Polish musical group

Capella Cracoviensis is a period instrument ensemble and a chamber choir based in Kraków, Poland. It was formed in 1970 by composer and music conductor Stanisław Gałoński (b. 1936), its first director and general manager. Capella Cracoviensis specializes in early music, Renaissance polyphonies, Polish Baroque, and classical chamber music played on period instruments, as well as oratorios, and operatic scores including works of Mozart.

==Profile==
Capella Cracoviensis (CC) has made numerous CD recordings over the years, most notably of the J. S. Bach Mass in B minor, W. A. Mozart Coronation Mass, and of Darius Milhaud's 6 chamber symphonies and 3 Opéras-Minutes. The group performed in many European countries including in the United States, Canada, Japan, South Korea and Taiwan, with the concert held for John Paul II at the Vatican on April 9, 2000, upon his return from the pilgrimage to Bethlehem.
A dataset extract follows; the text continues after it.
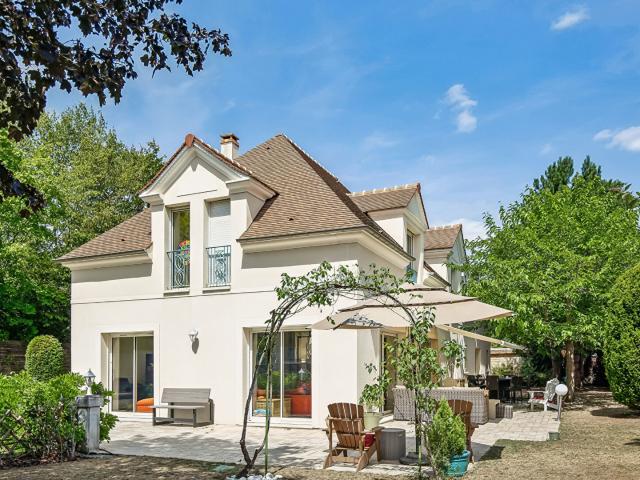 Maison 8 pièces 261 m²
The ensemble's performances feature instrumentalists and singers acclaimed in Poland and abroad. Its guest performers as well as concertmasters included Alessandro Moccia of the Orchestre des Champs-Élysées, Alberto Stevanin (Il Giardino Armonico, I Barocchisti of Ravenna, Ensemble Matheus), Fabio Ravasi (Europa Galante), Peter Hanson (Orchestre Revolutionnaire et Romantique); conductors Paul Goodwin, Andrew Parrott, Andreas Spering, Paul McCreesh, Roy Goodman, Fabio Bonizzoni, Matteo Messori and others. The orchestra works on projects with other early music companies such as Nachtmusique and Oltremontano.

In 1992 the company received two prestigious awards for their recordings of Milhaud: the French Diapason d'Or, and Grand Prix du Disque of the Académie Charles Cros. In 2008 a new director was appointed by the city, and a period of transition followed. The orchestra received nearly two million zlotys in new-project sponsorship money from the Polish Ministry of Culture in 2011, which is a record for music locally. The funds helped them launch the Verba et Voces festival of early music featuring international stars such as Kai Wessel. The CC produced grand oratorios by Handel (Theodora, Athalia, and Deborah), as well as Le nozze di Figaro by Mozart, along with a series of great Masses and Polish Baroque concerts across the region, which were free of charge.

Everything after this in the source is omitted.